With this collaboration we have the assurance that both the Institute of Chartered Shipbrokers, London, through its Nigeria Chapter, and Clarion Events West Africa would be able to contribute to the bottom-line of economic growth in this region.
3. What challenges do your members face when trying to increase their business development in the Nigerian transport & logistics industry?
They are numerous.
Lack of recognition of Nigerian Content in our professional field is a major challenge.
Freight-forwarding and Ship Agency services are more or less exclusively reserved for non-professionals and foreign companies respectively. Also, there are many pseudo-shipbrokers who block the professional Chartered shipbrokers from penetrating the industry. A good example is seen in the acquisition of second-hand offshore vessels where potential shipowners engage foreign pseudo-shipbrokers to handle their ship purchase for them instead of seeking the services of Nigerian professional Chartered shipbrokers, certified by the British Institution. Many times these shipowners are made to pay high prices for old vessels that are good enough only for the scrapyard. Such vessels end up not being operable after a couple of runs, thus becoming wrecks and economic drain artery for the nation; shipowners cannot pay back the bank loan taken for the vessel, the bank takes over the vessel and finds it difficult to find market for the scrap.

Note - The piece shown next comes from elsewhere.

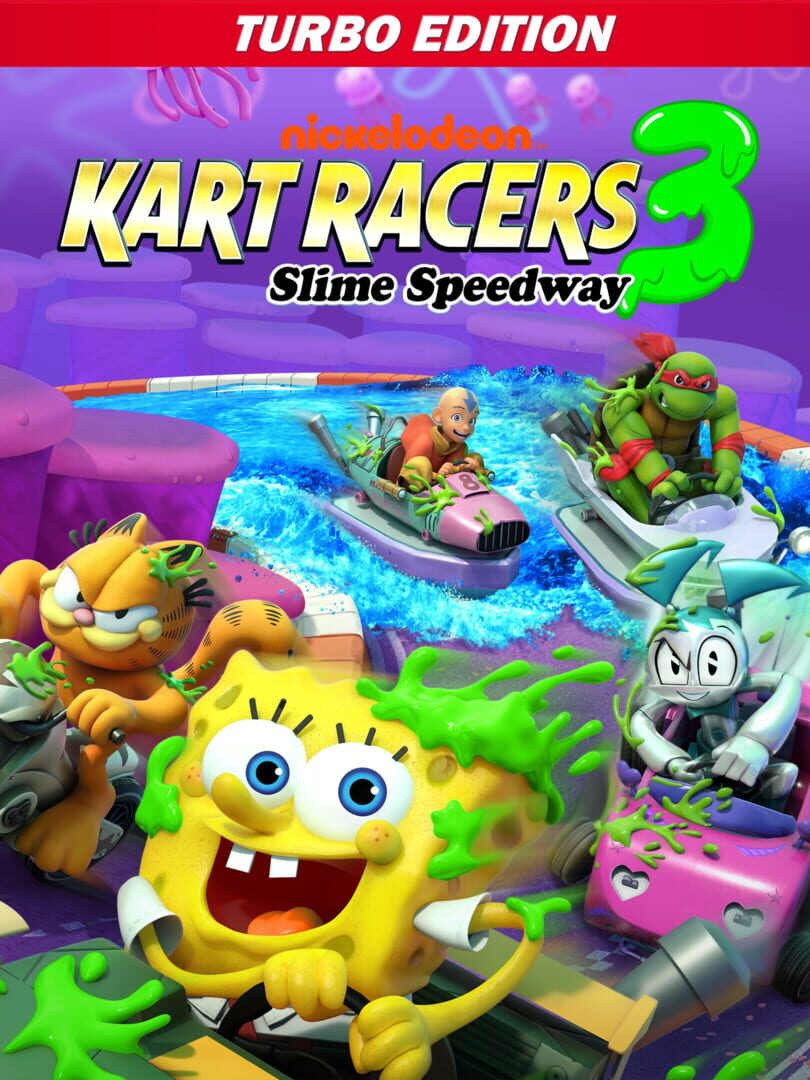 Nickelodeon Kart Racers 3: Slime Speedway - Turbo Edition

These are the key areas of concern.
4. And how has the Association helped to increase the business development of its members in the Nigerian transport & logistics industry?
As earlier stated, the Institute of Chartered Shipbrokers has just been officially launched the Nigerian Chapter in the first Quarter of this year, 2017. As a result of this, the presence of the global professional body for commercial shipping would soon be the talk of the Industry in Nigeria. The awareness is being created on continual basis and institutions, organizations and government parastatals that we have paid courtesy and collaborative visits to are already embracing us after introducing the Institute’s programmes and its role in contributing to improved profitable commercial shipping to them. Some of such bodies are the Maritime Arbitrators Association of Nigeria, Nigerian Association of Master Mariners, Nigerian Chamber of Shipping and the Nigerian Shippers Council.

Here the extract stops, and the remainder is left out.